• Exercise directions:
Print only the lines from the one with "27 Otter Ln, Hoschton, GA 30548" through the end of the data, exactly, and please omit pictures.

• The data:
..........

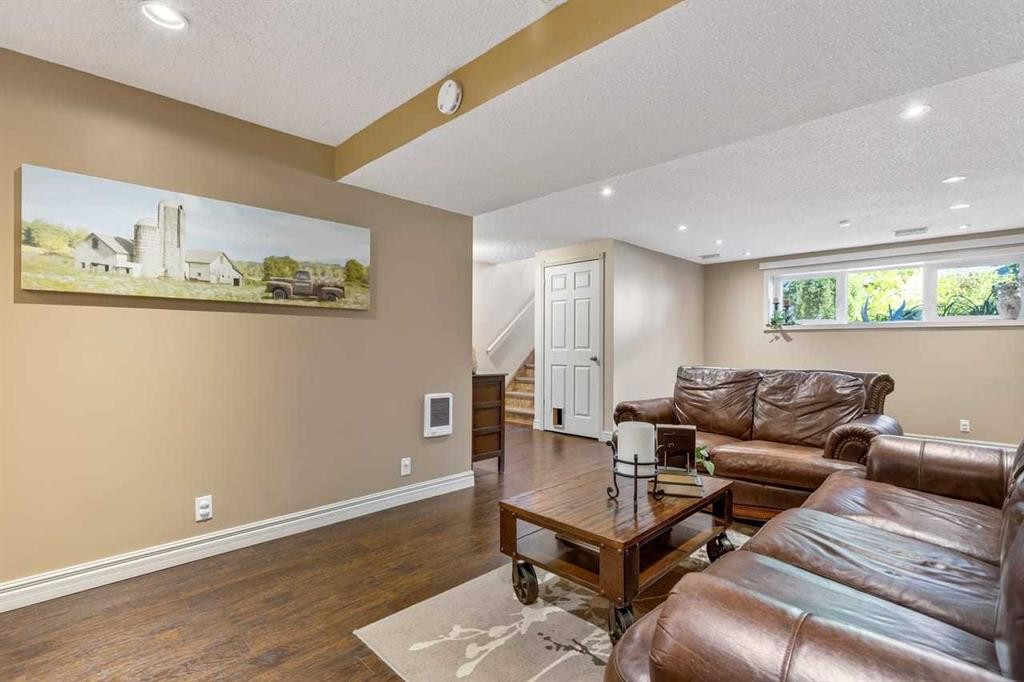 216 Castleridge Drive Ne, Calgary, AB
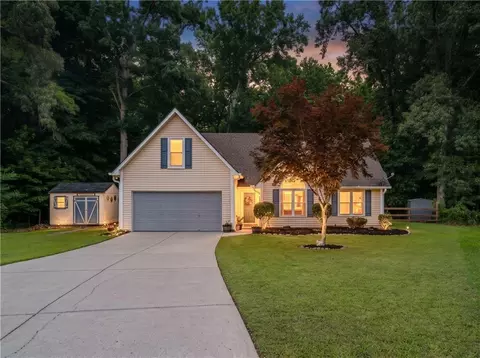 27 Otter Ln, Hoschton, GA 30548
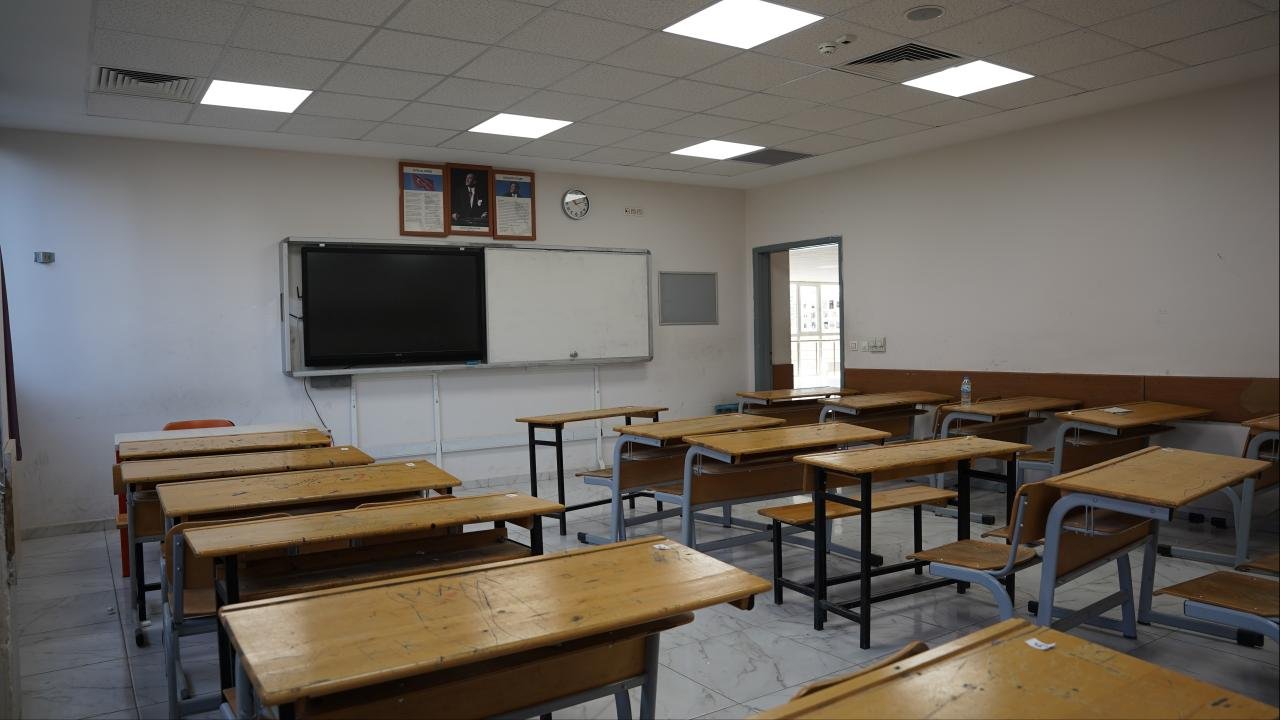 6 Şubat’ta okullar açılmayacak! Deprem bölgesinde eğitime ara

..........

• Exercise response:
 27 Otter Ln, Hoschton, GA 30548
 6 Şubat’ta okullar açılmayacak! Deprem bölgesinde eğitime ara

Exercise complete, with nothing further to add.